Well armed (or so I thought), down I went into the laundry area of the garage to do the job. Everyone who knows me will tell you I am not an external freaker. The only way you can tell I’m under stress is by my rapid body movements and the furrowed concentration in my brow. I rarely acknowledge the stress of a given moment until long after that moment has passed and last night was no exception. I placed my poor desperate puppy into the utility sink and dowsed him with tomato juice, then vinegar, then tomato juice, then vinegar. Still the greasy, yellow, smelly stuff remained. After about 15 minutes I realized this wasn’t working. I rinsed the dog, dried him off, left him in the garage to rub on the old carpets we use to store our shoes and ran back to my computer. Thank God for the Internet. I googled “how to remove skunk smell from dogs.” The first entry that popped up was from About.com (a site I’ve found useful many, many times). This quote immediately popped out at me:
“Hey, that’s what I thought,” I said to myself cursing the millions of people who still believe this crap. Fortunately, the ingredients for the household chemical cure are the same ingredients I use to keep my hot-tub clean and naturally toxin-free, Hydrogen-Peroxide and Baking Soda.
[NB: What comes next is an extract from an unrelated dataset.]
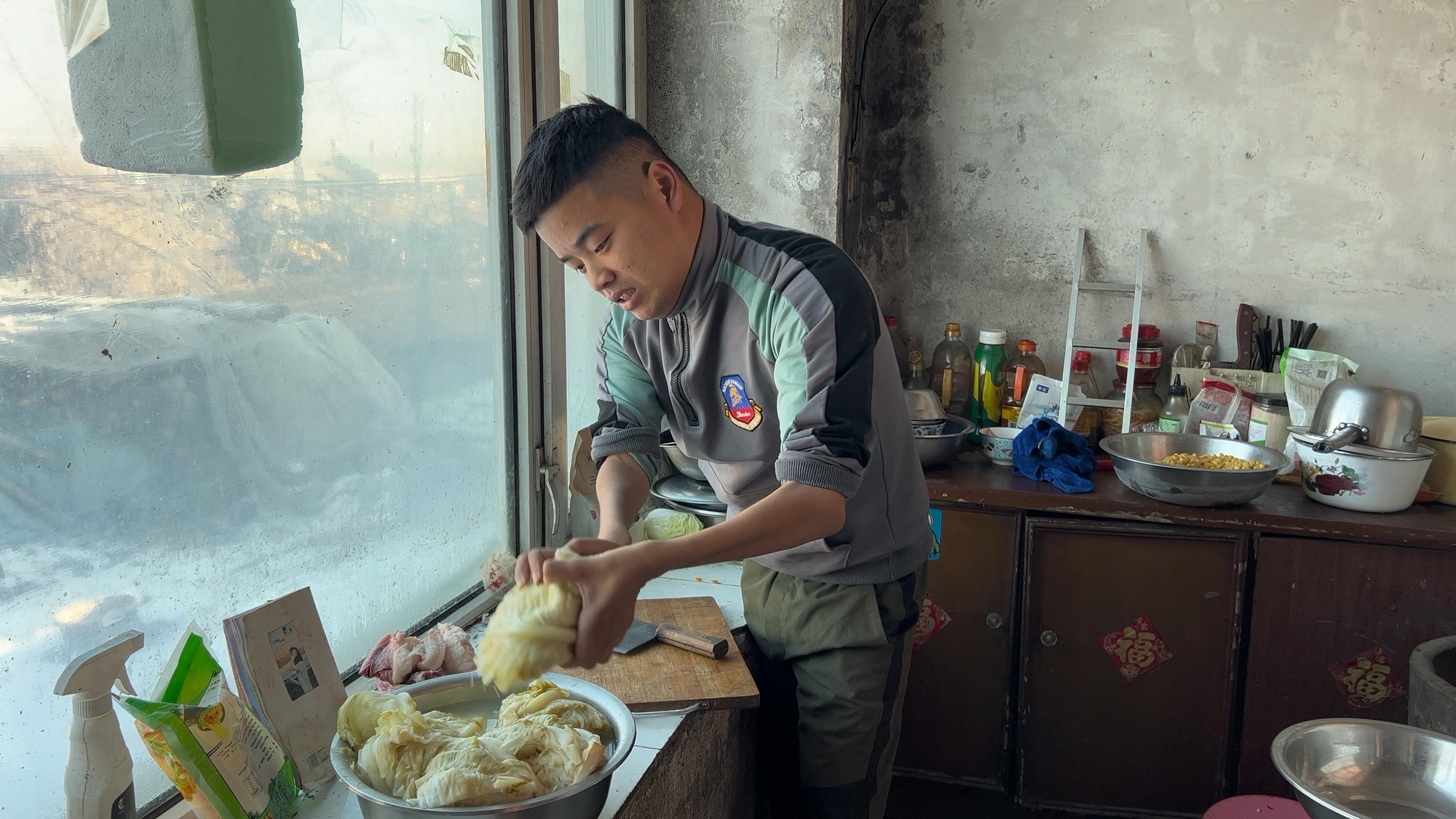 残疾一家三口包蒸饺,还叫姥爷一家来吃,亲情就是有好吃的一起吃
I quickly found the ingredients and whipped up a batch. Within minutes, faithful Finn’s eyes were back to normal, his fur was white (or at least off-white) and the smell was starting to disappear. Exhausted, I toweled him off, removed my nightgown, and began the job of household clean up. I had to throw out the duvet cover, the carpets are being cleaned as we speak, and the stench still lingers in my nose.
This weekend I will be purchasing a bin composting system like a normal person, installing the screen doors that came with my sliders, and heading back down to the garden. If you smell me coming towards you, run, don’t walk.